ウステキヌマブと、ヒスチジン及びその塩から選択される少なくとも1種と、水と、を含有しており、ヒスチジン及び/又はその塩の含有量がヒスチジン換算で50〜90mMである、水性製剤。

Description

本発明は、水性製剤及び注射器入り水性製剤、並びに、抗体タンパク脱凝集剤及びそれを用いた抗体タンパク脱凝集方法に関し、より詳しくは、ウステキヌマブ含有水性製剤及びそれを含む注射器入り水性製剤、凝集ウステキヌマブを脱凝集せしめる抗体タンパク脱凝集剤及び抗体タンパク脱凝集方法に関する。
ウステキヌマブ(Ustekinumab)は、ヒト型抗ヒトIL−12/23p40モノクローナル抗体、すなわち、ヒトIL−12(インターロイキン−12)及びIL−23(インターロイキン−23)の共通構成タンパクであるp40サブユニットに対するヒトIgG1モノクローナル抗体の一般名である。ヒトIL−12はCD4陽性ナイーブT細胞のヘルパーT細胞1(Th1)への分化に関与し、IL−23はヘルパーT細胞17(Th17)の活性化を促すとされている。かかるヒトIL−12及びIL−23のp40サブユニット(IL−12/23p40)に対して高い親和性及び選択性を有するウステキヌマブは、ポリペプチド(抗体タンパク)薬として、尋常性乾癬や関節症性乾癬等の自己免疫疾患の治療に用いられており、一般に、注射剤によって投与されている。ウステキヌマブは、例えば、国際公開第2009/114040号(特許文献1)に記載されているチャイニーズハムスター卵巣細胞や、マウスミエローマ(Sp2/0)細胞などの哺乳動物細胞発現系において遺伝子組み換え技術によって生産される。また、例えば、ウステキヌマブを含有する水性製剤(注射剤)が、「ステラーラ(登録商標)」としてヤンセンファーマ株式会社において製造販売されている。

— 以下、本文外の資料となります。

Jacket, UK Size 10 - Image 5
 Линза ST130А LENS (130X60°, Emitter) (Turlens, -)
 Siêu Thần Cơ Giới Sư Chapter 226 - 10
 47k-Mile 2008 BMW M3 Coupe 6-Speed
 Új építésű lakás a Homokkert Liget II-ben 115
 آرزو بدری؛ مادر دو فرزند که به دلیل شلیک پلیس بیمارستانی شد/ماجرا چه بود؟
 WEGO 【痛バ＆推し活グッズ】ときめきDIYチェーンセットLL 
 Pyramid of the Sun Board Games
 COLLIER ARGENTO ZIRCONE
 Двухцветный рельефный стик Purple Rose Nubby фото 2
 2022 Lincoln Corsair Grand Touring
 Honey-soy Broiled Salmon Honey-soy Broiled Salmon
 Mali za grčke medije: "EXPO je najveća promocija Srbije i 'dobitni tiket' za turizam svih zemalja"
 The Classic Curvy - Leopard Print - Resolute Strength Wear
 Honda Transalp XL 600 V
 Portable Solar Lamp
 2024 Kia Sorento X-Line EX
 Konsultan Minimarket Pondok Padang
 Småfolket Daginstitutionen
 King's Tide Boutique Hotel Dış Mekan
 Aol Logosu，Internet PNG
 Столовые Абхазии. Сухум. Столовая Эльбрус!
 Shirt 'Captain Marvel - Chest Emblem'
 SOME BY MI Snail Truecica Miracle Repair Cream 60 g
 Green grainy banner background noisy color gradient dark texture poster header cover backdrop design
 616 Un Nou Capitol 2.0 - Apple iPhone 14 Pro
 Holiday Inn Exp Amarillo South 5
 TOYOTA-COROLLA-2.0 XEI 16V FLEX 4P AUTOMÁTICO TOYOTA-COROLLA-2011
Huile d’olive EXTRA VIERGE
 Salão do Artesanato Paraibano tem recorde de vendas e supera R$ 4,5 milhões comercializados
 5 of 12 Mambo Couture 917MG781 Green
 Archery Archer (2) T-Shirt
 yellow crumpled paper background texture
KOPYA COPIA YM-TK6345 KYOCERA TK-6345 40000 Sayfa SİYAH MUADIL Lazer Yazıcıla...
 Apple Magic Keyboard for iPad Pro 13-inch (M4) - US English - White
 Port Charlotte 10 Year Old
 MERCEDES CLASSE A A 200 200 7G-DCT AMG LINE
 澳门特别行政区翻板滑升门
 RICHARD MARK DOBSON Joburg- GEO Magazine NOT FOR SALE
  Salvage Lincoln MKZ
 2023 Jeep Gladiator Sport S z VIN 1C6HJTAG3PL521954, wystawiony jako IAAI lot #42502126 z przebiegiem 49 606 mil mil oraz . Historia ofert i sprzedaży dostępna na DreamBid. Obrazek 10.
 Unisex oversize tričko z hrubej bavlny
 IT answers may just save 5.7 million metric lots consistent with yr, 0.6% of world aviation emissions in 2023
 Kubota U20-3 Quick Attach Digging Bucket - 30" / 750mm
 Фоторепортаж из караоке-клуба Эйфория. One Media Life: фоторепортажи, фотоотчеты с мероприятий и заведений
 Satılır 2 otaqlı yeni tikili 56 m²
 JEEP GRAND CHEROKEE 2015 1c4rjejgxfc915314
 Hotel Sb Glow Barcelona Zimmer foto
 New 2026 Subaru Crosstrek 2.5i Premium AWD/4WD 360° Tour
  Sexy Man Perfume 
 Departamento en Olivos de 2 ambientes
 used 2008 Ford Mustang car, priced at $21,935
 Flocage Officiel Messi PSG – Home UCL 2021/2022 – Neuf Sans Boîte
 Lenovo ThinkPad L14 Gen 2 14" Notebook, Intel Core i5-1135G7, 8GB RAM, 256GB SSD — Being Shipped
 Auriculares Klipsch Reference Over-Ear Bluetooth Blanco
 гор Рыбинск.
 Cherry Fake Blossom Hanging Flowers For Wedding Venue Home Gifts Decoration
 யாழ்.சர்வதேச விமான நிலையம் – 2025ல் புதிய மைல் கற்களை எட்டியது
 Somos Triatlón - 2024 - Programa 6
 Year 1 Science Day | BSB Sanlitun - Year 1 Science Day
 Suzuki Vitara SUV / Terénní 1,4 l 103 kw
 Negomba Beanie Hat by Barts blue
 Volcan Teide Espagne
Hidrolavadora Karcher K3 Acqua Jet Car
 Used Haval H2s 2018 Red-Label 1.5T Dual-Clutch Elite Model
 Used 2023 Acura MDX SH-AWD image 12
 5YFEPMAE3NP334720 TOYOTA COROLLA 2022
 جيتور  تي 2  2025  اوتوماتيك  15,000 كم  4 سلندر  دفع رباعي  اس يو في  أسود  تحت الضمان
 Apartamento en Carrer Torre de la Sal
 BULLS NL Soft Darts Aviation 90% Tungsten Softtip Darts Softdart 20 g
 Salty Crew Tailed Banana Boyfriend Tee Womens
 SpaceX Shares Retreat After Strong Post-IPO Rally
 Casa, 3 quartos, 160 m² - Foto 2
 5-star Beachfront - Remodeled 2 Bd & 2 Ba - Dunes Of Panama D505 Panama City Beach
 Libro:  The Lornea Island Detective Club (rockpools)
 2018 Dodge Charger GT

他方、ウステキヌマブのような抗体タンパクを含有する水性製剤は、該抗体タンパクの複雑な構造に起因して、製造過程や保存中に化学的変化や凝集等の物理的変化を起こしやすい。このような製剤の不安定性は、抗体タンパクの薬理作用を低下させるだけではなく、患者に対する安全性に大きな影響を与えるため、抗体タンパク含有水性製剤では、特に優れた安定性が求められている。
抗体タンパク含有水性製剤の安定化のためには、例えば、糖類、アミノ酸類、水溶性高分子、界面活性剤、及び緩衝剤といった添加剤の添加や、剤型、pH、各成分の濃度といった様々な条件の検討がなされている。例えば、特表2016−65079号公報(特許文献2)には、抗体、アルギニン40〜1000mM、及びメチオニン10〜200mMを緩衝液中に含有する抗体含有溶液製剤が記載されており、特開2016−117756号公報(特許文献3)には、塩基性アミノ酸−アスパラギン酸塩或いは塩基性アミノ酸−グルタミン酸塩を含有する抗体含有製剤が記載されている。また、特開2016−65091号公報(特許文献4)には、ヒスチジン−酢酸緩衝液(pH5.5〜6.5)中にモノクローナル抗体を含む薬学的製剤が記載されており、特表2007−524602号公報(特許文献5)には、100〜260mg/mlのタンパク質又は抗体、50〜200mMのアルギニン−HCl、10〜100mMのヒスチジン、0.01〜0.1%のポリソルベートを含む液体製剤が記載されている。しかしながら、これらの特許文献2〜5には、ウステキヌマブについて何ら記載されていない。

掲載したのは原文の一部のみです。